[[ Task data, beginning ]]

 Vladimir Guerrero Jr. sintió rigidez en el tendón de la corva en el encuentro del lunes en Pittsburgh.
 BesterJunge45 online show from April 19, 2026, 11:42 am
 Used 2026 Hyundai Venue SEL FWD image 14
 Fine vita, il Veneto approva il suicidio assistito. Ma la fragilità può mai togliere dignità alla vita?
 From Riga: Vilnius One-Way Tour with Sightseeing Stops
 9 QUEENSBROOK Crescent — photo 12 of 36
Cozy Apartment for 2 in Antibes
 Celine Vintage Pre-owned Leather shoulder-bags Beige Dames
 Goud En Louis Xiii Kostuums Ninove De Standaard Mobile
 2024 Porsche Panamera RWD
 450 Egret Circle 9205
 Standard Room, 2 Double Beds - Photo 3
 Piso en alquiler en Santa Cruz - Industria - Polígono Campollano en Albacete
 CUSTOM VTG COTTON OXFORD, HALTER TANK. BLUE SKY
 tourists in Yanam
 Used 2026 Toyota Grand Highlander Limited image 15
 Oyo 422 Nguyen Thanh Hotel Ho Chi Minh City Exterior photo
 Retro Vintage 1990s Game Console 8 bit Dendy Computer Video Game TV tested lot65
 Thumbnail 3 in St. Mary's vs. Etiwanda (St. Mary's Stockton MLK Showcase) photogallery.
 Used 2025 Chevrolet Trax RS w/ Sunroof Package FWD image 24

[[ Task data, end ]]

Check each line of the entries above for the string "Used", and return those that contain it.

 Used 2026 Hyundai Venue SEL FWD image 14
 Used 2026 Toyota Grand Highlander Limited image 15
 Used 2025 Chevrolet Trax RS w/ Sunroof Package FWD image 24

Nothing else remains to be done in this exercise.